# ALWAYS check your batteries



## CTRiaan (21/4/20)

I have just been reminded to check my batteries every single time before use.

I changed my Gen's batteries in the dark last night and didn't notice that the charger tore the top of the one wrap and ripped the white insulator out.

A couple of minutes ago I knocked the mod over and the battery door opened. Luckily I checked it right away and found the battery almost too hot to touch because of a dead short.

Anyway, crisis averted and lesson learnt.

P.S. I always check because I use mechs, but this one time I didn't and it could've ended very badly. Also, the Gen survived like the champ it is.

Reactions: Like 3 | Agree 2 | Winner 1 | Informative 2 | Useful 1


----------



## Grand Guru (21/4/20)

I wonder if your Gen would have allowed you to vape if the battery was shorting otherwise the built-in protections are useless but your point is totally valid and can make the difference between a liquid diet for the rest of one’s life or keeping one’s both mandibles and a few fingers intact.

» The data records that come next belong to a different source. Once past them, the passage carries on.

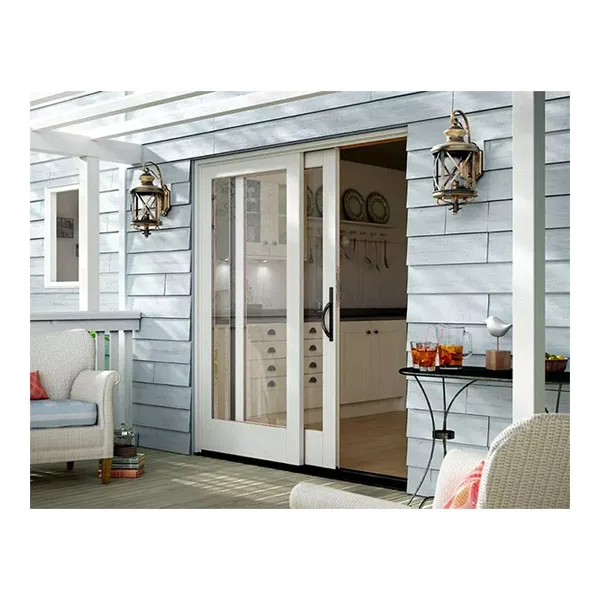 aluminum double glass sliding door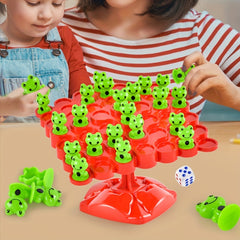 Frog Balance Game Toy Interactive Dual Player Balance Tree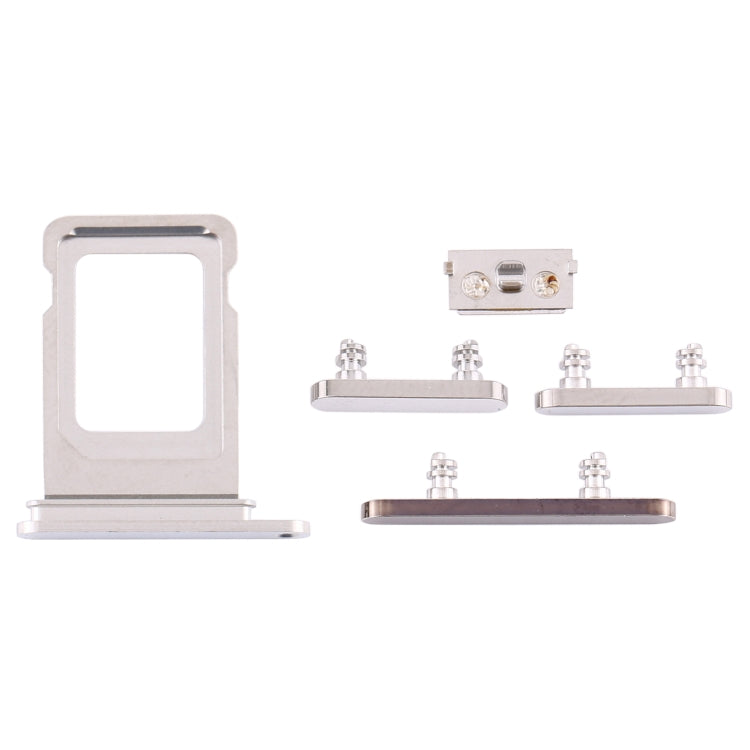 IPhone 12 Pro Sim Card Holder + Side buttons - White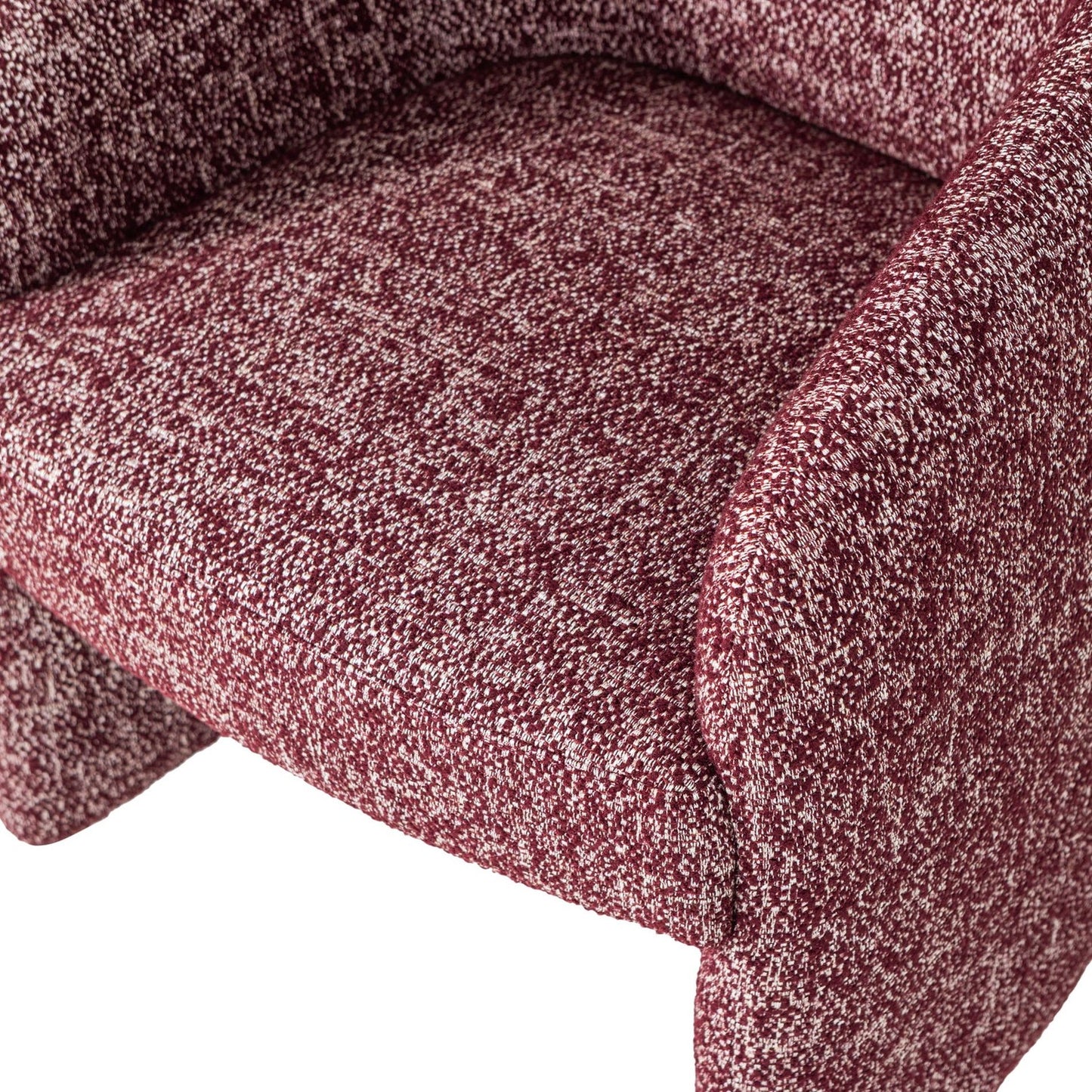 WOOOD Cordo eetkamerstoel Bordeaux Melange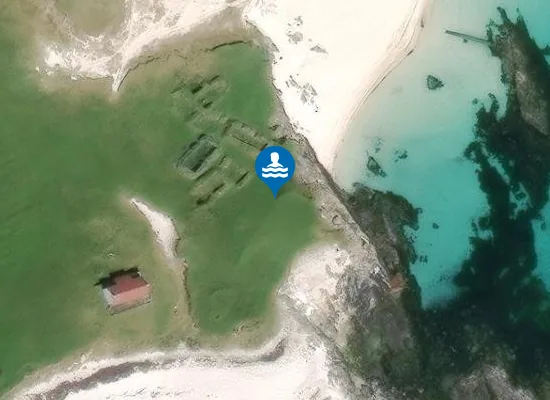 Satellite image of Sgeir a' Bhuallt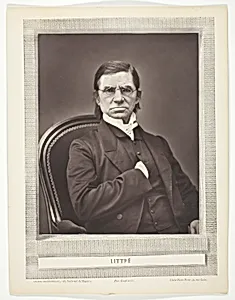 Émile Littré (French lexicographer and philosopher, 1801-1881)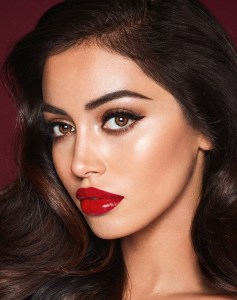 Charlotte Tilbury's newly launched make up wardrobe campaign features 10 different looks as modeled by Cindy Kimberly.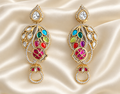 Fusion Multicolour Cluster Hoop Earrings — AI-styled studio view; compare with original photograph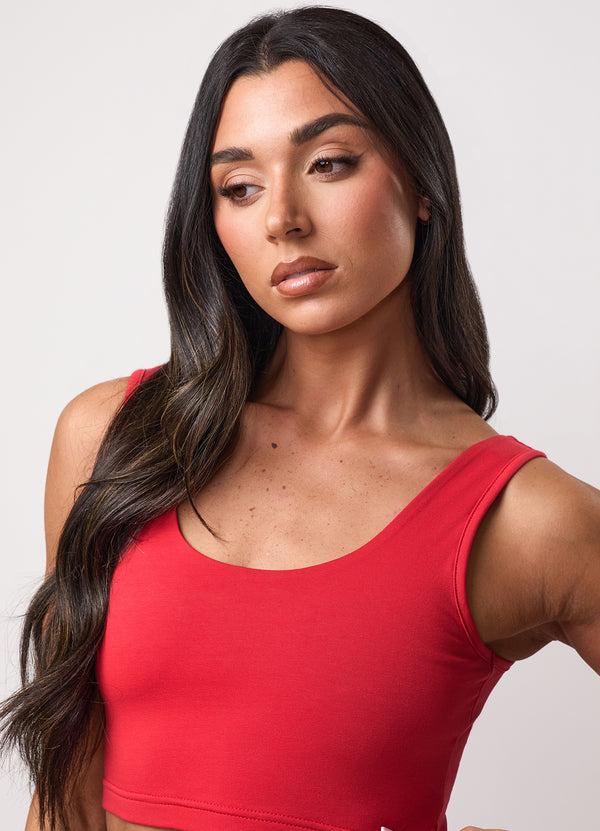 Gym King Team GKW Scoop Neck Bralette Salsa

Reactions: Like 1 | Agree 3


----------



## CTRiaan (21/4/20)

Grand Guru said:


> I wonder if your Gen would have allowed you to vape if the battery was shorting otherwise the built-in protections are useless but your point is totally valid and can make the difference between a liquid diet for the rest of one’s life or keeping one’s both mandibles and a few fingers intact.


It only shorted after I knocked it over.

The door popped off and the battery moved enough to let the negative part of the positive end touch the contact.

Reactions: Like 3


----------



## M.Adhir (21/4/20)

I always remember the day my complyfe tube shorted. 
Never seen anything get flung out the house so fast before

Reactions: Winner 2 | Funny 1 | Can relate 2


----------



## Silver (21/4/20)

Thanks for sharing that @CTRiaan

I think no matter what mod one uses, one needs to be careful with high drain batteries

Reactions: Agree 5


----------



## Chickenstrip (21/4/20)

I've had a similar experience with a billet box! Truly an awful experience.

Reactions: Like 3


----------



## Resistance (22/4/20)

Chickenstrip said:


> I've had a similar experience with a billet box! Truly an awful experience.


Which we'll see to after lockdown.

Reactions: Like 1 | Thanks 1


----------